Downtown Jozi was buzzing recently when I took a ‘whistle-stop’ tour of some of its most prominent public art. Guided by the amazing Jo Buitendach from Past Experiences (I filled a whole notebook!), we covered some of the city's better-known public art installations – the ones that are too far apart to cover in an art-precinct walking tour, and a few that skirt the city limits.

Outside the Lamunu Hotel, where the tour starts Outside the Lamunu Hotel, where the tour starts

Over a period of about 3 hours, we moved from a spot just outside the impressively chic Lamunu Hotel, through Braamfontein (planted with its wonderful metal trees), Hillbrow (where we were welcomed by Winston Luthuli’s Angel of the North) and beyond, to Vrededorp and Fordsburg, on the western edge of the city, were the art is inspired by memories of Fietas and a rich cultural legacy that links the past to the present.

Jo’burg is literally transforming into a giant art gallery, with the more formal art projects inspiring (and being inspired by) spontaneous street art.

As Jo explained, Jo'burg’s brilliant public art policy means that a percentage of all business development budgets in downtown Jozi are put towards public art projects. This means there are new works being created all the time.

Jo’burg is literally transforming into a giant art gallery, with the more formal art projects inspiring (and being inspired by) spontaneous street art that speaks of city life, enormous talent and a belief that art means something or says something that’s worth listening to.

So what did I hear?

In the Governor’s House Trees by Americo Guambe, Ngwedi Design and The Trinity Session (2010), I heard stories of vision, diversity, history, roots and growth. Located opposite Constitution Hill, a young girl gazes towards Hillbrow, on the shoulders of the different nationalities that animate this part of the city. A boy, who is pointing in the other direction, towards the city, stands atop its iconic buildings, in welcome. The medium is, of course, part of the message and ‘giving’ these trees to art makes a powerful statement, which Guambe has added to and refined through his choice of subject.

Firewalker by William Kentridge and Gerhard Marx (2009) spoke to me of women and warmth and nourishment; of the constant movement of the city; of people far from home and of new homes, new hearths; and of city life and human need. It is located just past the Queen Elizabeth Bridge, at Simmonds and Sauer streets, and its shadows and disjointedness give it movement and echo the silhouettes of the women who, even today, walk the streets of Jozi with braziers on their heads, selling mielies, coals or other traditional foods.

Paper Pigeons by Gerhard and Maja Marx (2009) spoke to me of homecoming, understanding, peace and communication. Messengers in a literal and symbolic sense, these pigeons bring 2 worlds together at the intersection of Commissioner and Margaret Mcingana streets in Ferreirasdorp. Made from steel, the pigeons are origami-styled as a tribute to the oriental and Chinese community in this part of the city. I also love that the sculptures have metal rods so the birds can roost on them; there is humour, humility and gentleness in this.

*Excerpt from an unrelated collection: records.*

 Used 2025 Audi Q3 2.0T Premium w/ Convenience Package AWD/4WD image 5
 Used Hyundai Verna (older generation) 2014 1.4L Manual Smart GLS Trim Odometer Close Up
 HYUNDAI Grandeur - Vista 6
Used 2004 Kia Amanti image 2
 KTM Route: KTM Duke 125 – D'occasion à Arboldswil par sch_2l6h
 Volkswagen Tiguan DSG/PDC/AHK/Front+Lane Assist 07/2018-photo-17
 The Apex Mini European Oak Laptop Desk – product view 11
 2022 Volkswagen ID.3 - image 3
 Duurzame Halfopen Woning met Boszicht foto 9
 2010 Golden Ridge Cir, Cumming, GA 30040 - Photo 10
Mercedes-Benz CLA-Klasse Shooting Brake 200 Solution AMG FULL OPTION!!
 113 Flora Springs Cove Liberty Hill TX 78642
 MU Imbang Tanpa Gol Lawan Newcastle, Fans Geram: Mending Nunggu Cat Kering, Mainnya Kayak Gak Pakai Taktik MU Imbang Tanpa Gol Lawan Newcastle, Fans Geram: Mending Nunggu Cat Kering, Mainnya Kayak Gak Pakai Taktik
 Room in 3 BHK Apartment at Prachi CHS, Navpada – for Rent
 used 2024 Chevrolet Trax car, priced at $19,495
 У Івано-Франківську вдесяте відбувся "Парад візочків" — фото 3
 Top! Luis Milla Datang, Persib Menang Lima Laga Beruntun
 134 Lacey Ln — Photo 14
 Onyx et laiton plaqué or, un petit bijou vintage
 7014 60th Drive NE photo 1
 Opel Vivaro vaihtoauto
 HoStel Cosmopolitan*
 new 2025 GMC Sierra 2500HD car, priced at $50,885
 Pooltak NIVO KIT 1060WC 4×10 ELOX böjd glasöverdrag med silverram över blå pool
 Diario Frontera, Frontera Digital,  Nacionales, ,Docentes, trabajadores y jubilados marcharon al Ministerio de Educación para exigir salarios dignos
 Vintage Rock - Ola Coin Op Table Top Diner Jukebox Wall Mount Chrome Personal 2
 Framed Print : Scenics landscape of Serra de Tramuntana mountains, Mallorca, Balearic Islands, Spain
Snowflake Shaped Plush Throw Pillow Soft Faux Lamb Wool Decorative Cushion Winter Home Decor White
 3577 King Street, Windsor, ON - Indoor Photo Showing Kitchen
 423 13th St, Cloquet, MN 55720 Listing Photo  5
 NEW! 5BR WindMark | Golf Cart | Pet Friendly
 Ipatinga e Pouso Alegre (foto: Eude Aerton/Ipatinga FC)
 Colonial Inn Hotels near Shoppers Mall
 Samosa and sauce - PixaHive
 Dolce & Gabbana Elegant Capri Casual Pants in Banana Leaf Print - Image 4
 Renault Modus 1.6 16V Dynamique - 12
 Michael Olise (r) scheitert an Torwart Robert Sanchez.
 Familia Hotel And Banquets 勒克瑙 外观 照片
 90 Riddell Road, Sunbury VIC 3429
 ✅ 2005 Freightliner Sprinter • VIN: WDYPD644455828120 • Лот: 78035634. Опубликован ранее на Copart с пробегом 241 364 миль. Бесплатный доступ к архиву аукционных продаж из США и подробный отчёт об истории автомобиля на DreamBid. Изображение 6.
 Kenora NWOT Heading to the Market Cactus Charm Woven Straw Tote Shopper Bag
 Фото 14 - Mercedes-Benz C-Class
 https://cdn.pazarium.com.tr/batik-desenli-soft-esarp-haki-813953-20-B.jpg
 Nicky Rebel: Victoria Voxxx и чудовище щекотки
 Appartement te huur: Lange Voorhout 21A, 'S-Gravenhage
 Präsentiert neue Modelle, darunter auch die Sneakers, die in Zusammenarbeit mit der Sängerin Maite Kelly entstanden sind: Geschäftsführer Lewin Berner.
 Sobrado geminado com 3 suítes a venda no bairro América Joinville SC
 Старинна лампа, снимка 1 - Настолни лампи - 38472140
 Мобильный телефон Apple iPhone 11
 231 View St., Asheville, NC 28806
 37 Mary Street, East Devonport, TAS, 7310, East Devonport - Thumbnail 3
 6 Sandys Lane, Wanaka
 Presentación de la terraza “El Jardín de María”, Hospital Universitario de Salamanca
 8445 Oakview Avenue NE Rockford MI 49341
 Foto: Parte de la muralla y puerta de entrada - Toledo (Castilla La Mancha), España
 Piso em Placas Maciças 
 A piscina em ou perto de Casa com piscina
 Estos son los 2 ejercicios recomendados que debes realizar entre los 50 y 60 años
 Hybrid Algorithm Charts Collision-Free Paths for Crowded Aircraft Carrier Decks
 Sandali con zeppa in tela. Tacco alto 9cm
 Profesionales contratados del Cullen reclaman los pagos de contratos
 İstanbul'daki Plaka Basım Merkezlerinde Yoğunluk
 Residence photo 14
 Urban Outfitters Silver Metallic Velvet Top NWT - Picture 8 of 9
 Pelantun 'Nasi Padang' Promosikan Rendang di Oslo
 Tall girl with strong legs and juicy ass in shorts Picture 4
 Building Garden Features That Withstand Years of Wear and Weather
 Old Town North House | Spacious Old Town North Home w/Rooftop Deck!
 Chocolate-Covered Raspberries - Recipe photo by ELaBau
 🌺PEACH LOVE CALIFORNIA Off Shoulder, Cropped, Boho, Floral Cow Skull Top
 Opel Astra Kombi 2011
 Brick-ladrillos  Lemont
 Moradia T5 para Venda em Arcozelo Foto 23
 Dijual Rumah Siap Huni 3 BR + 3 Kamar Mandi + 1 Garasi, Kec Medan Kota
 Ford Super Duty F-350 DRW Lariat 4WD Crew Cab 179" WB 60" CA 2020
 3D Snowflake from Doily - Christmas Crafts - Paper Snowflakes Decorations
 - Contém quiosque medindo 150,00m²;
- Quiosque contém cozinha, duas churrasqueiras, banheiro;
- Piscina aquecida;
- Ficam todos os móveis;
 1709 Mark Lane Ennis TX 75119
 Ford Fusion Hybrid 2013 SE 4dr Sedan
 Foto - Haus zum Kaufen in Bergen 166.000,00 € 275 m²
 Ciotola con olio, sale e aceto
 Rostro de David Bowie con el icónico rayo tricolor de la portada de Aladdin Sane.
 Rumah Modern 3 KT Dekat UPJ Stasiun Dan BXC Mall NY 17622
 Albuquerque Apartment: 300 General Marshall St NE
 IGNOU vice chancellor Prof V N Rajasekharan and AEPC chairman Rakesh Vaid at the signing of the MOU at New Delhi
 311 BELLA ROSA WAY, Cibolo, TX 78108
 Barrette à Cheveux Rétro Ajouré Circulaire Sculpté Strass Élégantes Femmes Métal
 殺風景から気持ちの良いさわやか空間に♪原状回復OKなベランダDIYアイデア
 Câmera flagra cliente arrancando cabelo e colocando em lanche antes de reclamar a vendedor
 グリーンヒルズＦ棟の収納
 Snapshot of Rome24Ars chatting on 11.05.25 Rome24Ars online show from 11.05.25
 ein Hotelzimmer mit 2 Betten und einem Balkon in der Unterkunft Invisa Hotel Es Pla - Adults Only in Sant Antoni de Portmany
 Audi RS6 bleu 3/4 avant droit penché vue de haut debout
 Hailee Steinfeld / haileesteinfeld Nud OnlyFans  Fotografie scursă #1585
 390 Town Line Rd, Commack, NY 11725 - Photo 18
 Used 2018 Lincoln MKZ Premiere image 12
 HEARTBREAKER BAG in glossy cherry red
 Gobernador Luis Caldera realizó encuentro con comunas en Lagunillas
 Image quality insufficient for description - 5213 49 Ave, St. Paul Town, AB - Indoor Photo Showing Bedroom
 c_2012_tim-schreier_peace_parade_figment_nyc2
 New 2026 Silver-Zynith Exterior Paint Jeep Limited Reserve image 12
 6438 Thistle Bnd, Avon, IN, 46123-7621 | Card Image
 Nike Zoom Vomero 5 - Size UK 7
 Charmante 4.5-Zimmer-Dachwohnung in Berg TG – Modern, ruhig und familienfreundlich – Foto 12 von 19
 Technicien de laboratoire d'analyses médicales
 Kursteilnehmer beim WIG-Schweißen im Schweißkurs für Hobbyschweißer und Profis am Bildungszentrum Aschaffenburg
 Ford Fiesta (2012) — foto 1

These are just 3 of the dozens of works of art I saw in the inner city, and I could say something about every single 1 of them, because each 1 said something to me (I haven’t even mentioned the informal graffiti, art, fashion and architecture...).

I finished the tour with a tangible feeling of excitement and a new pride in Jo’burg. All the elements – Jo’s knowledge and enthusiasm, the tour group's appreciation of the inner cityscape and the fact that there is so much happening – combined to bring Johannesburg wonderfully to life for me. It made old streets new, opened up fresh narratives and debates, and hinted at the world of possibilities that Jozi, in all its many facets, embodies. 

I heard and saw the buzzing, walking, eating, talking, loving, trading heart of the city reflected in its art. Thanks, Jo, for helping to open my eyes. I’ll be back for more.